Previous reports have welcomed the gains but cautioned that such fast growth over a short period could lead to complacency, but this year's report says, "To date, these concerns have not been actualised. We are very pleased to once again be reporting an increase in this regard and it is an improvement that we hope will continue to grow over time."
Graphic from the CLPE Reflecting Realities Report 2022 - Ben Cotteril (Designer) & Chanté Timothy (Illustrator)
Representation varies across text types
However, despite the continued growth in representation, not all text types have increased their representation. Only fiction titles showed an increase in racially minoritised presence, up from 11% in 2021 to 24% in 2022, while there was a year-on-year decrease in presence for non-fiction and picturebooks. Minoritised representation in non-fiction dropped from 41% in 2021 to 30% in 2022, and in picturebooks from 61% to 52% year on year - the first time that there has been a fall in representation across all text types since 2017.

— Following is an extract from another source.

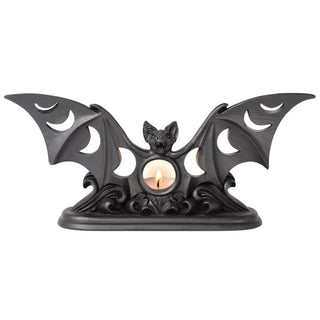 Black bat moon phase tea light holder with a lit candle in the centre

Farrah Serroukh, executive director of research and development at CLPE, welcomed the variation in the breadth of realities reflected in the books they surveyed. This year's report found that racially minoritised characters are represented in stories in multi-dimensional and nuanced ways, and that a wider range of genres, including fantasy, historical and comedy, now include minoritised characters.
However, the report also cautioned against "a seeming tentativeness" in a number of the titles reviewed. "[The reviewers'] encounters with racially minoritised characters in the fiction titles submitted in particular were often difficult to decipher. The limited textbased cues exacerbated the challenge of determining presence, which subsequently made it difficult to ascertain ... if the book could be classified as meaningfully representative and inclusive."
The report also examined the presence of racially minoritised characters across ethnic demographic groups in children's books. The increase seen was most notable in terms of characters coded as Black at 6.8%, with characters defined as coming from mixed heritage backgrounds making up the next largest ethnic group at 4.6%. However, the report adds, "Although we noted a small increase of presence of characters from South Asian backgrounds at 1.8%, the rate of growth is slow and still far behind the real-world figure reported as 9.3% in the latest UK Census."
The aim of the survey is to understand the extent and quality of representation of racially minoritised characters featured within children's books across aged three to 11, and published in the UK. Using this data, publishers have been encouraged to make more representative and inclusive children's books available to children and families.
Reflecting Realities in the Classroom
CLPE's Reflecting Realities in the Classroom, which will be published by Sage in April 2024, will investigate how engagement with inclusive literature positively impacts school reading cultures and will provide practical support for teachers to explore quality representation in the classroom.